- 1) no caramel malts 2) unbalanced (really, no desire to be balanced), leaning heavily toward hops, both of these contributing to 3) a drier ipa than non-wcipas.
- A heavily hopped IPA with at least 6 percent alcohol and 60 IBUs.
- The key is a complete lack of balance, no strong malt backbone competing with the hops.
- It is used to describe an IPA that is high on the bitterness scale and that typically exudes citrus, grapefruit, pineapple, and other fruits. It is thrown around pretty loosely.
- Gloriously lacking in balance. Just a liquid hop delivery vehicle.
On the other hand, they are also:
- Just IPA made on the West Coast.
- If a "West Coat IPA" is all of the things that has been mentioned in this thread, what, then, is an American-style IPA? Do we honestly believe there's enough of a difference between the two to the extent that "West Coast IPA" should be substantiated as its own style?
And finally, Jim F characterized how I was feeling about all of this when he wrote:
I think the term West Coast IPA charitably implies that NW IPA's have intense hop flavor (exceptions exist, but to me NW IPA's are characterized by balance). ["West Coast"] really ought to be California IPA, because that, to me, is where the hop bomb was popularized.

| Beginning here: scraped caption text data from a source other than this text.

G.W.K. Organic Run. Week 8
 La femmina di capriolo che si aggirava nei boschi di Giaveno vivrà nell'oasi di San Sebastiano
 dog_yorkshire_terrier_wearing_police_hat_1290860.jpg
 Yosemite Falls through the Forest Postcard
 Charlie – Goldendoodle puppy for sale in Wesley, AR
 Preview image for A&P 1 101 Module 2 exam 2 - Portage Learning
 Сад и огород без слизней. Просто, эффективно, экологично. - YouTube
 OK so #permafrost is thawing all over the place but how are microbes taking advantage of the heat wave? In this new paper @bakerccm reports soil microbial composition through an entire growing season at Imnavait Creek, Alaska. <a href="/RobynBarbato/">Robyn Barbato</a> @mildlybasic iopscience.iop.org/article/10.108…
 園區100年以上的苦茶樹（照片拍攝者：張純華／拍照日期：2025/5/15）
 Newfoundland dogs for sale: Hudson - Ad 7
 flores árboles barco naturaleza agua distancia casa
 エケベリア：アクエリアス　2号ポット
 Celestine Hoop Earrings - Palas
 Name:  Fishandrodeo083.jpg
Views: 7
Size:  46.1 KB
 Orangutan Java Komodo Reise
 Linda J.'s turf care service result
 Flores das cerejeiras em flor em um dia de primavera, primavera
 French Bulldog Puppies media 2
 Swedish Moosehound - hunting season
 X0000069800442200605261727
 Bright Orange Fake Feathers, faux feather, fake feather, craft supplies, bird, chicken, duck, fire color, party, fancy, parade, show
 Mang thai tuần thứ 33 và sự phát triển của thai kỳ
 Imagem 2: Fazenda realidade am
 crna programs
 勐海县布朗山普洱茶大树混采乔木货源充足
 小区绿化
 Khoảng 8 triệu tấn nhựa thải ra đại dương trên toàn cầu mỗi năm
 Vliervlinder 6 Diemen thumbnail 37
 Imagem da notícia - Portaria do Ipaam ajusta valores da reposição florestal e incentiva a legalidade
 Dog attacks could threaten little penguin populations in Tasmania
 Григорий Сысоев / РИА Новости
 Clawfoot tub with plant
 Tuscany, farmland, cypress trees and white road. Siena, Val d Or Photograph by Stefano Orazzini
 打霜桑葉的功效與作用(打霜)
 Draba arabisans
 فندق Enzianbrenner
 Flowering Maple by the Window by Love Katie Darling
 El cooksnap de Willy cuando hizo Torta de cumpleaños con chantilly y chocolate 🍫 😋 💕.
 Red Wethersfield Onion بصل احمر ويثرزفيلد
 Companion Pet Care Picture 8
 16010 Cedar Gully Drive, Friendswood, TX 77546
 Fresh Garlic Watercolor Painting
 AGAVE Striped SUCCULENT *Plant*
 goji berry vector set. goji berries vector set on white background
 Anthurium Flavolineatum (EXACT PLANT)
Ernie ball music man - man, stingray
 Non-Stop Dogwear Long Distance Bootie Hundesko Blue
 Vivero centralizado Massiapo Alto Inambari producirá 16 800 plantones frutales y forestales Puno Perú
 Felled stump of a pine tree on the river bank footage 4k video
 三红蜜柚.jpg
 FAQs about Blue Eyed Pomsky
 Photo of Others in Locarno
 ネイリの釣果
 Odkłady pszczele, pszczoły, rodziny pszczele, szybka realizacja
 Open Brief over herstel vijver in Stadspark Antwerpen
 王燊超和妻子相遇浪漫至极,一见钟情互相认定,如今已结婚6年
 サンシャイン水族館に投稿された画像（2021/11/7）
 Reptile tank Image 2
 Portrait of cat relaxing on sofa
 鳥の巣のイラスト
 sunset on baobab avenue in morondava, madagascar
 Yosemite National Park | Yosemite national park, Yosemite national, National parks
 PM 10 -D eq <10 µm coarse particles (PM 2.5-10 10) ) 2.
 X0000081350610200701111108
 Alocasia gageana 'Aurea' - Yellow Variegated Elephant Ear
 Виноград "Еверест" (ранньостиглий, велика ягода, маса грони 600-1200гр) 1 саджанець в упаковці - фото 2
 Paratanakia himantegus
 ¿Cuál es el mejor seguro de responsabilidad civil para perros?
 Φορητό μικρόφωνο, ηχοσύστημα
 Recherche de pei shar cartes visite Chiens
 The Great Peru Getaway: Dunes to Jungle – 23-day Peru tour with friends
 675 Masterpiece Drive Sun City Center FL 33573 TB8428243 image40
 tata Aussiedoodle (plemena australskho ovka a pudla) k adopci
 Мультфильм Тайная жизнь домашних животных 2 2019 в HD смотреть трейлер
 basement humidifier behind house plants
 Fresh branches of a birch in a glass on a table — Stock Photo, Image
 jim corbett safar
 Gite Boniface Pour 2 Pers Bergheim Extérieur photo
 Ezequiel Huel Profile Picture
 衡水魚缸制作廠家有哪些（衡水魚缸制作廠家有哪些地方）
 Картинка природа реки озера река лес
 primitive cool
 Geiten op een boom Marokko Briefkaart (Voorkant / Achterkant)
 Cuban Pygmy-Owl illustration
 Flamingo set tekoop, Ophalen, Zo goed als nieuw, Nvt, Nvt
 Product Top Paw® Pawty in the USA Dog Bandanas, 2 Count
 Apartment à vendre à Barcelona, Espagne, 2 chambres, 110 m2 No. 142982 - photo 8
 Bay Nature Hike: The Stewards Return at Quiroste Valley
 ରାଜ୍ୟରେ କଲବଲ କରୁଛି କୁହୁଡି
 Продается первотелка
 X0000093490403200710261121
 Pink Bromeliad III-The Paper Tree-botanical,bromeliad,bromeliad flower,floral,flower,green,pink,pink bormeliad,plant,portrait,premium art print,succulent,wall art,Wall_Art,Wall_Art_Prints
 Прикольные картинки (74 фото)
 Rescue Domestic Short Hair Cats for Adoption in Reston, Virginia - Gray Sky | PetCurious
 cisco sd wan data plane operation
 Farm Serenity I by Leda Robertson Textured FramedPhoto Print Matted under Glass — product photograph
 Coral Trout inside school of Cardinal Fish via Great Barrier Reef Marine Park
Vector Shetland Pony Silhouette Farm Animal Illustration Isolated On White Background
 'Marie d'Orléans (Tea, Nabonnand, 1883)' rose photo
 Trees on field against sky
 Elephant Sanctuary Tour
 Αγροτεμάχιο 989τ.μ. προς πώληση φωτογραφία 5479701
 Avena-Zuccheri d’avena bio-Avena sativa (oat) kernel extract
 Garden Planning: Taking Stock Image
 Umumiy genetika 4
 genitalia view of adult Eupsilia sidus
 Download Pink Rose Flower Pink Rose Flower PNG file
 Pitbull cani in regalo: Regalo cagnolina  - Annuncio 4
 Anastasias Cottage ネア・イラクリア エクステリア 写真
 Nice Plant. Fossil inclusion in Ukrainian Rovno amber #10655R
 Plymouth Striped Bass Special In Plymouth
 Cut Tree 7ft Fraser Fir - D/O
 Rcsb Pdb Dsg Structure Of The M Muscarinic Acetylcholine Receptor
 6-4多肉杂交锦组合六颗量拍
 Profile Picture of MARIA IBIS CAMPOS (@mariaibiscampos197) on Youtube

Ultimately, I think you have various flavors of the same fruit. Even if we grant that West Coast IPA is a low-malt, dry, super-bitter hop bomb, it's not really enough to peel it off from the IPA category. It's a step further out on the spectrum, but it's part of the family. I hope (but have no confidence) that the style lords in Denver never decide to add this "style."
That said, I do think that whatever this beast is we're pointing to is very much a species of California. We have scads of IPAs here in the Northwest, but these descriptions just don't fit. (Lots of Northern California IPAs are in the NW camp, too.) The balance point on a beer like Ninkasi Total Domination or Fort George Vortex--or hell, even Hair of the Dog Blue Dot--may be toward hops, but they never jump off a sweet, balancing hop base. Those beers are also deeply aromatic and flavorful, not just bitter. You don't get those juicy. funky/citrusy aromas and flavors if it's cranked too far toward bitterness.
So there: sort of a style, but not enough of one to start arguing about names.